On the road back from Damascus Road

On the road back from Damascus Road

Photo by Molly Kraybill.

Photo by Molly Kraybill.

This past weekend I spent the majority of my time in Damascus Road anti-racism training. The biggest thing I learned was that racism is complicated, confusing and maddening. The irony was that only by going to anti-racism training did I realize how many ways I contribute to racism in our culture and society. The easiest (and most common) response to the reality of racism is to talk about how we’ve entered a post-racial society since civil rights, or to assert that “I’m not racist” because you’ve never burned a cross on someone’s lawn or mocked someone’s Mexican accent. These are both certainly racist acts, but as much as we want to deny it, racism is significantly more vast and complex than overt acts of violence against people of color. Racism has been bred into our culture in so many ways–from the genocide of indigenous peoples to the middle passage and system of slavery that built this nation (and yes, slavery is still relevant). Facing this is in no way easy or enjoyable. In many ways, I’m still struggling with my learned racism and need to be called out from time to time.

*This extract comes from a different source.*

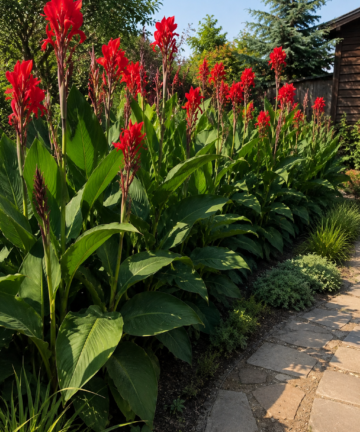 Kana indická ‘Red Velvet’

What is most important in a culture that makes every effort to ignore the realities of racism is to speak about ourselves as people of race, our interactions in a racially diverse culture, and our experiences with racial oppression. Generally, these are not topics that come up every day around the dinner table. So, at Goshen College, Diversity Circles was established. Diversity Circles is an opportunity to come together in a group of about ten racially diverse people. The meetings are held over the course of a few weeks and led by two GC students trained as facilitators (a person of color and a white person). We explore issues of racial identity, race in our culture, and the experience of racist oppression. There are pamphlets on many of the bulletin boards around campus and in the MAO office. Circles begin the first week in October, and pamphlets can be returned to Anne Meyer Byler in the Good Library. I would encourage everyone to look into it, if only to meet people and participate in quality conversation.